Petty cash has long been a quick method of providing funds for employee purchases. However, purchases made using cash are sometimes easily forgotten, difficult to track and ultimately challenging for accounting. Is the petty cash box a help or a hindrance? Is there a better way to solve the small expenditure dilemma?
Here are some advantages and disadvantages to using petty cash as an expense management solution:
Advantages to Using Petty Cash
Petty cash is an easy to understand and familiar method of paying for company expenses. It is an accessible, convenient way to pay for small purchases. When a business doesn't provide access to company credit cards, or employees would rather not wait to be reimbursed for purchases, using petty cash is a simple alternative.
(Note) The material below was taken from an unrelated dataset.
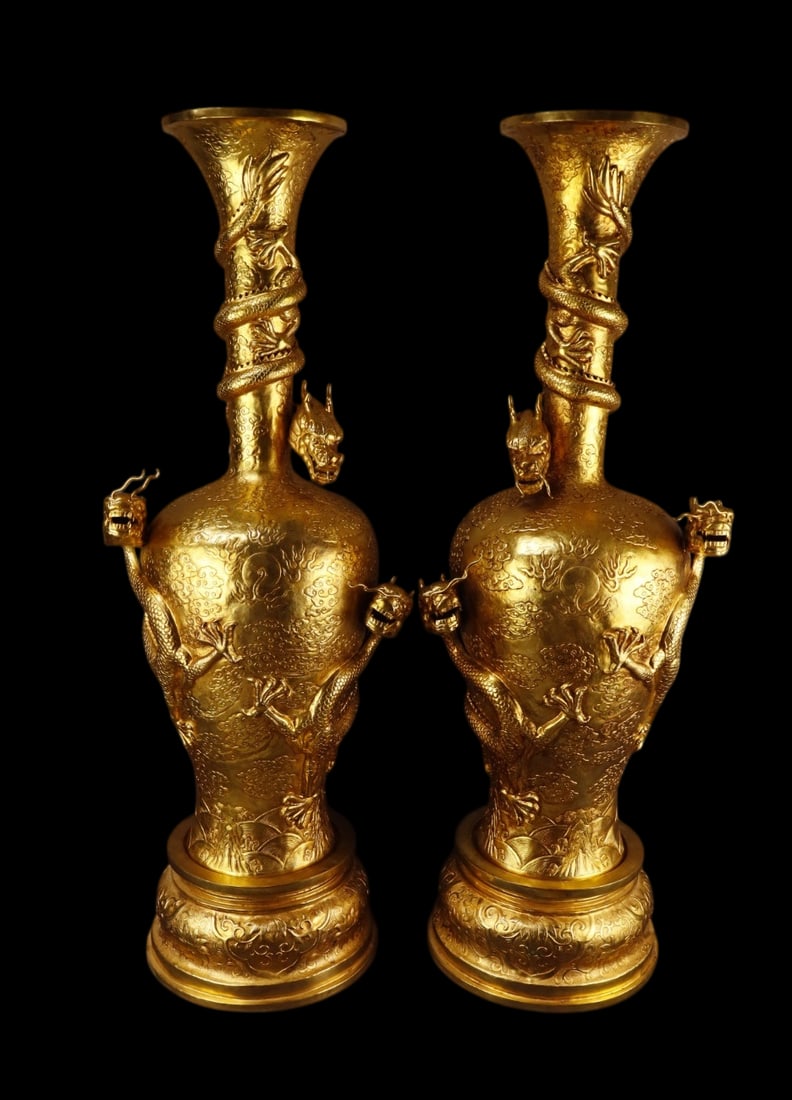 A Pair of Exquisite Gilt Bronze Dragon Pattern Vases (1 of 10)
Disadvantages to a Petty Cash System
Overall, petty cash is a largely outdated and inefficient system. While convenient for small purchases, it is not a realistic solution for larger expenses. The bigger the company, the harder it is to track outgoing petty cash, change and receipts. This makes the entire petty cash system susceptible to abuse or fraud. For most businesses, these downsides of using petty cash far outweigh the advantages.
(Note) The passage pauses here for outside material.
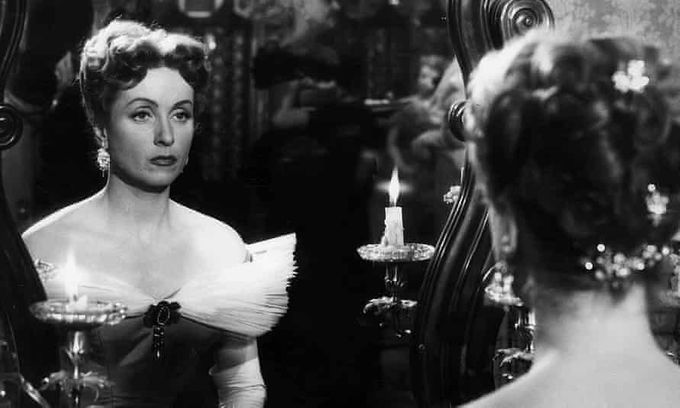 Danielle Darrieux elokuvassa ”Madame de …”. Kuvan lähde on Indusfilm/Kobal/Rex/Shutterstock.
A New Alternative to Petty Cash
Fortunately, there is an alternative. Prepaid cards, such as the PEX Prepaid Card, offer a more precise way of managing small expenses. Everything from lunch to a subway ride can be charged on the PEX Card. That means no more cash leaving your office or change to turn in. More importantly, there is now an auditable digital record of every transaction.
With the PEX platform, a finance team now has visibility into where money is spent in real-time, and can allocate funds to employees as needed – anytime, from anywhere. And who needs a petty cash drawer when most merchants accept Visa debit cards?